The Vogue of the Statuette

Leslie Harradine began modeling for the HN collection in 1920, following his earlier career at Doulton’s Lambeth factory. His versatility as a modeler was exceptional. He created Jazz Age style figurines alongside nostalgic figurines in Victorian crinolines. He was equally skilled at portraying robust characters, such as his street sellers from old London. Harradine’s work was included at the British Industries Fair in 1920 at the Crystal Palace where the press heralded “The Vogue of the Statuette.” Harradine continued his success at the Paris exhibition of 1925 where he won a silver medal. Such was the demand for his Art Deco style figurines that the figure painting department was expanded to ten artists in 1927. By the end of the 1930s, there were 27 figure painters decorating the most popular figurines in alternative color schemes. For over 30 years, Harradine sent his original clay models from his rural studios to the Burslem factory.

Perfection in Porcelain

War broke out again in 1939 and the Burslem factory was the first British pottery to be bombed. Undeterred, Noke set up a studio in his garden shed and worked with his new assistant Peggy Davies. When Noke died in 1941 his son, Cecil Jack, took over as Art Director.
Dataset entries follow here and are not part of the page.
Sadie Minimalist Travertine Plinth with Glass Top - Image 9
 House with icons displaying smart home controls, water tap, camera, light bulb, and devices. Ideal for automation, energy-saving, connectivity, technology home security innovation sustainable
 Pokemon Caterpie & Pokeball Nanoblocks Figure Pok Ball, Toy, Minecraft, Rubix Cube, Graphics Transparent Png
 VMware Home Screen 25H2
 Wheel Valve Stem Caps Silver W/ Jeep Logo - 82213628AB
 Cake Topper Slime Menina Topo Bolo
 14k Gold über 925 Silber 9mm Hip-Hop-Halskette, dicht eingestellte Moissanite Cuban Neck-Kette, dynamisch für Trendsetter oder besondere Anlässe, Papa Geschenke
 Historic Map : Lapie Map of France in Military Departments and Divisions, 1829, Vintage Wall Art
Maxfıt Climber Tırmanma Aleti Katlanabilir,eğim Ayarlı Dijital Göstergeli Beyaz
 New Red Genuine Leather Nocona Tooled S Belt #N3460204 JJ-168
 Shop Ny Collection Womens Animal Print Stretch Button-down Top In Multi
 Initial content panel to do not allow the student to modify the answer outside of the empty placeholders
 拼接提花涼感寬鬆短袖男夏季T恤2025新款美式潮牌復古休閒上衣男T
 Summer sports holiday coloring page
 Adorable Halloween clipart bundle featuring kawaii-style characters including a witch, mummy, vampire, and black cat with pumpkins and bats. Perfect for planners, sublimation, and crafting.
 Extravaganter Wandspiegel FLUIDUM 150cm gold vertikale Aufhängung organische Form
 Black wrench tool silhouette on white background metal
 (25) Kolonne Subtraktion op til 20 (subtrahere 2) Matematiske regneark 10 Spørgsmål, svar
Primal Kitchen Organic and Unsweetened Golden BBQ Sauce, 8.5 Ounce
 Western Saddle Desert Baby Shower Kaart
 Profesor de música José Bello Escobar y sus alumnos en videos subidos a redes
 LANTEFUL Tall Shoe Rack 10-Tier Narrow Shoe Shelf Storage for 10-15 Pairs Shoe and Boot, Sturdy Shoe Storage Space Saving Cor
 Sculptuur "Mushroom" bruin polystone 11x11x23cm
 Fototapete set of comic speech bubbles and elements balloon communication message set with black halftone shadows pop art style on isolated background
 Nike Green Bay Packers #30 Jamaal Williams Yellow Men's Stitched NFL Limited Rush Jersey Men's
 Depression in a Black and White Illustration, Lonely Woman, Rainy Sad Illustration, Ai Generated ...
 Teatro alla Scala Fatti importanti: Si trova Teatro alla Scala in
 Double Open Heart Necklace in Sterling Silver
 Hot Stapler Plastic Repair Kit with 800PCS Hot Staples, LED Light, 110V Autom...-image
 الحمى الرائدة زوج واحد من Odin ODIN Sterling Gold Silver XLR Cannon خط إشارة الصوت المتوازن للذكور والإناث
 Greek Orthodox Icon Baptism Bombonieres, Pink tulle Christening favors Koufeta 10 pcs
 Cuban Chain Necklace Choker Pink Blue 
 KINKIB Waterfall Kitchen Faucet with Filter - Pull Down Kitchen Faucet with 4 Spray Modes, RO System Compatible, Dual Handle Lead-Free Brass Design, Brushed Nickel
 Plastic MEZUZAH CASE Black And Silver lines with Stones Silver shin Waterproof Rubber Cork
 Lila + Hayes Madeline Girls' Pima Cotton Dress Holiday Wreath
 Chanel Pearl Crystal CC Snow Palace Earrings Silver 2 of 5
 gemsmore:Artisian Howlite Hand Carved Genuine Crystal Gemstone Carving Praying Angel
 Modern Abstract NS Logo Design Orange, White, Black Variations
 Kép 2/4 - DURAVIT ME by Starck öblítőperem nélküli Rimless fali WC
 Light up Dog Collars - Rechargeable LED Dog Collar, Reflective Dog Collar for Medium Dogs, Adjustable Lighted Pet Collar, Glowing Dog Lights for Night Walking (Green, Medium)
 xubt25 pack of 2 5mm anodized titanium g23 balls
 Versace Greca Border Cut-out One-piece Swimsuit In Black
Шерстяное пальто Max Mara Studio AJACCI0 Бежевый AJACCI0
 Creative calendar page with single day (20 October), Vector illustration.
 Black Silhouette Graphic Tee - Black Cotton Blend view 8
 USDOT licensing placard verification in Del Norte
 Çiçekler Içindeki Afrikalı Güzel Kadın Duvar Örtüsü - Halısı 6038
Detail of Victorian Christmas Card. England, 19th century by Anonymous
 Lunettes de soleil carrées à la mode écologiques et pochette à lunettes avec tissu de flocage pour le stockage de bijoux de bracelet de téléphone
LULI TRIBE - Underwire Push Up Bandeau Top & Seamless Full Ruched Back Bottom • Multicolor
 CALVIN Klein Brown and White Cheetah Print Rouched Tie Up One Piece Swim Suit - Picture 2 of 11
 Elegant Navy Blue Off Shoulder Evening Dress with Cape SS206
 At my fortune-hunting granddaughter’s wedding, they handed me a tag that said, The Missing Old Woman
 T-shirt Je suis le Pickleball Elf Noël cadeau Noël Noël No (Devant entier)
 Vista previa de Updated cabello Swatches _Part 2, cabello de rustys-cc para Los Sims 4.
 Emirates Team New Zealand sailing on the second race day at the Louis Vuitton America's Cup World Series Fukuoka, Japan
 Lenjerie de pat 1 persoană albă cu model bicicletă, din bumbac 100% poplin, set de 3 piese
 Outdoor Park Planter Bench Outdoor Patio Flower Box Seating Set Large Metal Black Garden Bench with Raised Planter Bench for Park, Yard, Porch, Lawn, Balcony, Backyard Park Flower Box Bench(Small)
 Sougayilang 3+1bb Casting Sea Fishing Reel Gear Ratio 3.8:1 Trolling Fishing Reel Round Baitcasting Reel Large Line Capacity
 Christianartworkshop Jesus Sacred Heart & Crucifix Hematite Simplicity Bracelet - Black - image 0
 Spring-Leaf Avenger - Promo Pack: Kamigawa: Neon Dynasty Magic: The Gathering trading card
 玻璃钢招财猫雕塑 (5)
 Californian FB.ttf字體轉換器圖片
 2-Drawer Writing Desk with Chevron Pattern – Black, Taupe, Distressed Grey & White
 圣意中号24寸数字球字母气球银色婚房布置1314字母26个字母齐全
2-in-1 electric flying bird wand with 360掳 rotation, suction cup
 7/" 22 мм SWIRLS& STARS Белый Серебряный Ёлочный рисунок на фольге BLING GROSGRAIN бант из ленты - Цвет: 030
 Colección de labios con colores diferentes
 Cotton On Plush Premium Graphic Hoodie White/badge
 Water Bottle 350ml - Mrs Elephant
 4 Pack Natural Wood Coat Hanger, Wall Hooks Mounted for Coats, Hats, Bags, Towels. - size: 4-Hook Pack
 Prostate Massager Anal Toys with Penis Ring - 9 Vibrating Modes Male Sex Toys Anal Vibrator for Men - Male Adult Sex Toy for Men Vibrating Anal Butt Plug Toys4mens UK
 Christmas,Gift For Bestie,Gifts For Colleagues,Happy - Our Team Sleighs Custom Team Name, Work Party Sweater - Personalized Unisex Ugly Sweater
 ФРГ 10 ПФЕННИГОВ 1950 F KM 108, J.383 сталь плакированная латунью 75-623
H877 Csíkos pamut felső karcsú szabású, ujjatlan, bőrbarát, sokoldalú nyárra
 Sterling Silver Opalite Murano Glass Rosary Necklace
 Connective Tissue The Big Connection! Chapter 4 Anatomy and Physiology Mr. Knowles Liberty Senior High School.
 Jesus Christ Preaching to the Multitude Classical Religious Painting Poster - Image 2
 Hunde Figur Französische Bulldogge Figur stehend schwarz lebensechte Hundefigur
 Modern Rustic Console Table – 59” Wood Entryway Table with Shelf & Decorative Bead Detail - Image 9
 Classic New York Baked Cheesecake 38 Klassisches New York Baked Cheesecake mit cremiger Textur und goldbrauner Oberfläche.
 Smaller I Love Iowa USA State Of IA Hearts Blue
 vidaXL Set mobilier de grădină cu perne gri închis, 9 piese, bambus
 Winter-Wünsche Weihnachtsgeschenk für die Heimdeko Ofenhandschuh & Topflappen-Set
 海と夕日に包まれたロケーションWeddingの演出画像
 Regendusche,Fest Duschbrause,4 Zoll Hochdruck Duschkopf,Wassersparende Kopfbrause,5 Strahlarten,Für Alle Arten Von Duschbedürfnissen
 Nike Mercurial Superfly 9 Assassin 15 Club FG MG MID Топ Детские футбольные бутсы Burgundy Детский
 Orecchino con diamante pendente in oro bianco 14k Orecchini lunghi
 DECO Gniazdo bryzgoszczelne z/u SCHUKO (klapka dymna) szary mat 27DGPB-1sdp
The upheavals of the war interrupted Harradine’s workflow and resulted in several prototype models. Peggy Davies returned to Royal Doulton in 1947 and tackled ambitious figure subjects, some of which did not get beyond the prototype stage. As a child, Peggy aspired to be a ballerina but her artistic talents prevailed. From ballet to ballroom, dance was often an inspiration for her figurines. Peggy contributed to the HN collection until 1983 and was responsible for some of Royal Doulton’s most famous limited edition collections, which often portray famous women in history.

Full of Character

Mary Nicoll was Doulton’s leading modeler of character figures from 1954 until her untimely death at the age of 52 in 1974. She was a very versatile artist, with a discerning eye for detail. She was best known for her maritime figures and her studies of endearing old folk, often with their pets. Mary was so prolific that many of her models did not go into production during her lifetime. Some of her original designs were issued in collectors editions many years after her death. The experienced sculptor, Bill Harper, was commissioned to continue the character figure tradition and modeled hundreds of designs during his 30 years with the company. Robert Tabbenor and Doug Tootle also contributed to the character figure collection. Decisions about future introductions were determined at Doulton’s design conferences and public opinion was solicited at design survey events in the USA.

The New Sculpture Studio

Eric Griffiths became Royal Doulton’s Director of Sculpture in 1974 and brought new ideas to the HN collection. He experimented with figures in modern dress, such as mini-skirts and blue jeans, but they remained as prototypes. Generally, he advocated taller figures and matt glazes, which be felt brought more character to the features. Peter Gee, Pauline Parsons and Valerie Annand developed the figurine collection in new design directions. Many of Valerie’s designs were considered too flamboyant for production. One of the most talented artists in the studio was Alan Maslankowski, who was working on a dramatic bust of Elvis Presley when he died. Tim Potts capitalized on the interest in Elvis to produce a set of portrait figures, which were made in Thailand when Doulton’s production began moving offshore in the 1990s.

Innovations & Experiments

Over the years, there have been many initiatives to create a new look for Doulton’s HN collection, some of which have not been developed beyond the prototype stage. Tim Potts modeled figures of sporting heroes, which were tested by the prototype painters in different glaze effects, including Doulton’s distinctive rouge flambé. At the dawn of the new Millennium, the Royal Doulton artists were experimenting with highly stylized figures from the Images, Reflections, Sensual and Studio collections. They were decorated with lustrous mother of pearl, bronze, gold and platinum glaze effects. When Royal Doulton began selling their archive collection at auction in 1999, many unique prototypes were acquired by Arthur Wiener. WMODA now has a vast Royal Doulton figure collection celebrating a century of production.